Give back the entries exactly, ending with the "Destined Rivals - 206/182 - Yanmega ex" line.

BEGIN Extracted material

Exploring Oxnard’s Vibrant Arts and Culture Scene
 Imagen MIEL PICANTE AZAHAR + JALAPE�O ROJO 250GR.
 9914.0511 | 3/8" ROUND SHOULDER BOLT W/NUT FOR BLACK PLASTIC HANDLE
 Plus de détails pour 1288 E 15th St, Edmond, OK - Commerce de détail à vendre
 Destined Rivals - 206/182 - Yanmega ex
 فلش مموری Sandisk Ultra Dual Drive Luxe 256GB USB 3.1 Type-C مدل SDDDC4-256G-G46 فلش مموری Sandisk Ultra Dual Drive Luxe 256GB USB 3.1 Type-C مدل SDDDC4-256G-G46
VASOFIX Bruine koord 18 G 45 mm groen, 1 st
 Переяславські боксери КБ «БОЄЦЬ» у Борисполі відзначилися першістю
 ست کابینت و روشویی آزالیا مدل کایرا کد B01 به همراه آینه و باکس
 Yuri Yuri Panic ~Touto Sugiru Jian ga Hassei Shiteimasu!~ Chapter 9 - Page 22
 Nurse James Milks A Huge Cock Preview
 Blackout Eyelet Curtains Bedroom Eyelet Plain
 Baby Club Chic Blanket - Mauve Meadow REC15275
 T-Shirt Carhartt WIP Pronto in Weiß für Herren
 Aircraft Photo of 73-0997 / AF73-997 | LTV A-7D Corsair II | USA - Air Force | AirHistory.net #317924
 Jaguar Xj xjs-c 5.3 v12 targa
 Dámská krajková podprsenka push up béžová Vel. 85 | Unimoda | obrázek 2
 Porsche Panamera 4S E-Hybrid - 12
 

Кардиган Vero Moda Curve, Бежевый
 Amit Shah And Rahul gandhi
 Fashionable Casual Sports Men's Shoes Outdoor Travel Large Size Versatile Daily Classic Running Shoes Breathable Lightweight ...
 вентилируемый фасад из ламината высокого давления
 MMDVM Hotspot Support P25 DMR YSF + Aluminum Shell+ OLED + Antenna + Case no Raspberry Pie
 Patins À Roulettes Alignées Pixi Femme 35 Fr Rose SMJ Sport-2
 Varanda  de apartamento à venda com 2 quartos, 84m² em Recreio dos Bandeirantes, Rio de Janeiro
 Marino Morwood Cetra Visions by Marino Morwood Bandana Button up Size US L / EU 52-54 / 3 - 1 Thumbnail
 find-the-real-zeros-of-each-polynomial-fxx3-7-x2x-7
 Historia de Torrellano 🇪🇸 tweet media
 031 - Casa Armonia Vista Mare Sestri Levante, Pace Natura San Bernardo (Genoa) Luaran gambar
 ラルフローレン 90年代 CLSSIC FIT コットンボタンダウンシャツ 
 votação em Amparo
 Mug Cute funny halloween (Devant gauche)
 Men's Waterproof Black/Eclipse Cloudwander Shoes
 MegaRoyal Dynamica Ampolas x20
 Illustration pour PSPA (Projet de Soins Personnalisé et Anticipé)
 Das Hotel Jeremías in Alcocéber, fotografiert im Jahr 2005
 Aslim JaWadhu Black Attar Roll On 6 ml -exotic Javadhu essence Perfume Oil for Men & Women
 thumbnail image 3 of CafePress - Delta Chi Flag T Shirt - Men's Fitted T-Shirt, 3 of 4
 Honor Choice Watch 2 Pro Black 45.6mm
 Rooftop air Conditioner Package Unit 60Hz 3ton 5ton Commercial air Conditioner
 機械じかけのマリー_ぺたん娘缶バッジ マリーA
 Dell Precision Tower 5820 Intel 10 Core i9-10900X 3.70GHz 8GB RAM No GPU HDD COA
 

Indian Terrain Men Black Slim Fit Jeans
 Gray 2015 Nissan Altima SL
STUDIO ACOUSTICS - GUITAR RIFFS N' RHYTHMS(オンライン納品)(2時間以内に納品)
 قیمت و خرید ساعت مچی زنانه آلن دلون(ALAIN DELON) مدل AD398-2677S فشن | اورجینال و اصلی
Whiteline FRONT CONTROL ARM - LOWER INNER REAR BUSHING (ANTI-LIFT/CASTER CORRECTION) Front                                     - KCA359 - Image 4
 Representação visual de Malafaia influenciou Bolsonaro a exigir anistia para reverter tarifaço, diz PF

END Extracted material

Written answer:
Exploring Oxnard’s Vibrant Arts and Culture Scene
 Imagen MIEL PICANTE AZAHAR + JALAPE�O ROJO 250GR.
 9914.0511 | 3/8" ROUND SHOULDER BOLT W/NUT FOR BLACK PLASTIC HANDLE
 Plus de détails pour 1288 E 15th St, Edmond, OK - Commerce de détail à vendre
 Destined Rivals - 206/182 - Yanmega ex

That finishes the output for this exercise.